| Task details |
From the line containing "Acne Studios Velcro Strap Platform Sneakers" to the last line of the data, both included, transcribe each line exactly, leaving out pictures and adding nothing.

| Recorded information |
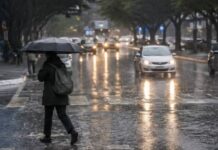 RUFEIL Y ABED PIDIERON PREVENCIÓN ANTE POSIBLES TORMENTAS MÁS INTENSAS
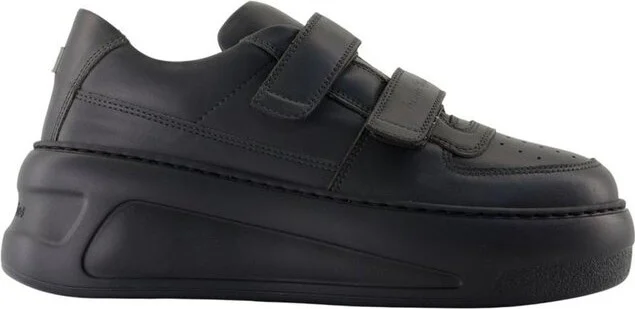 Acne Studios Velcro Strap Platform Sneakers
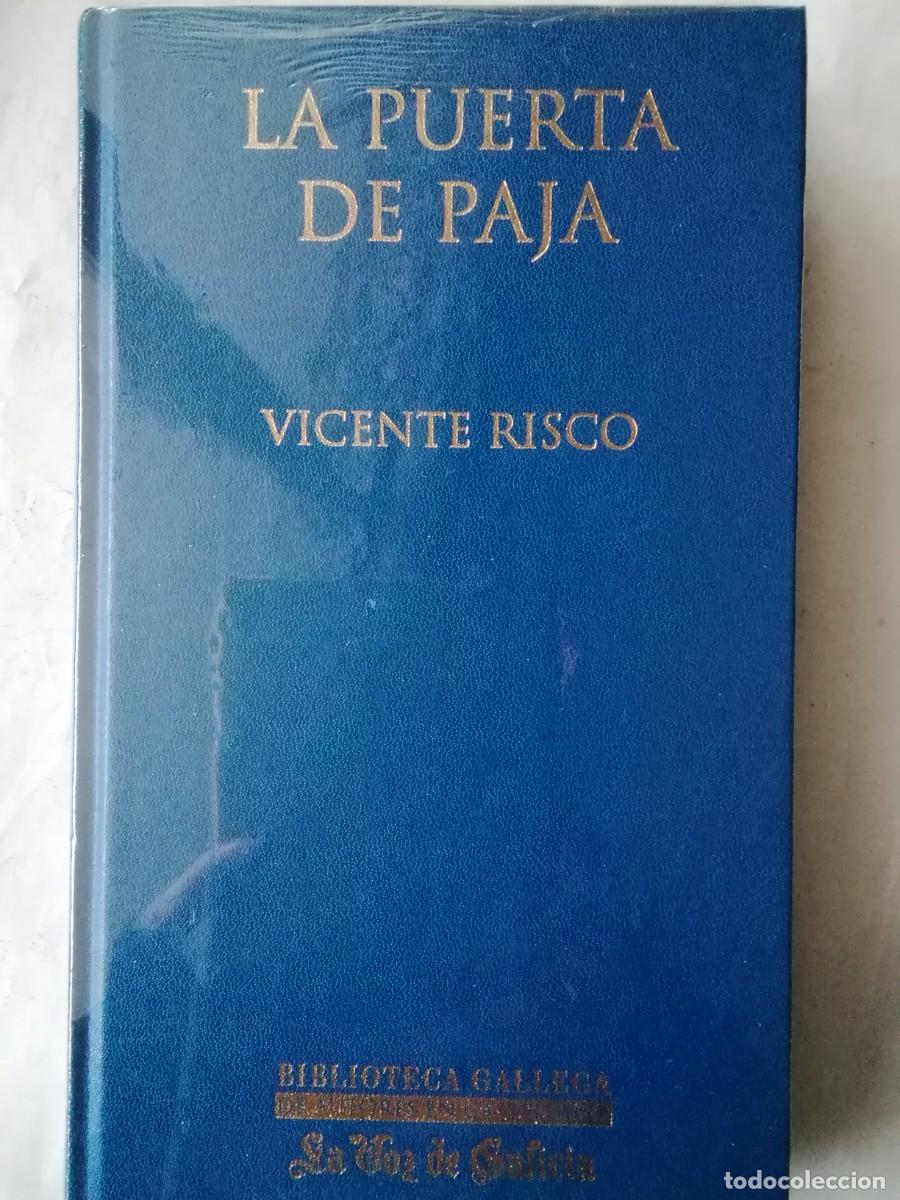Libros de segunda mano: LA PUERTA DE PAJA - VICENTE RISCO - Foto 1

| Reply |
 Acne Studios Velcro Strap Platform Sneakers
Libros de segunda mano: LA PUERTA DE PAJA - VICENTE RISCO - Foto 1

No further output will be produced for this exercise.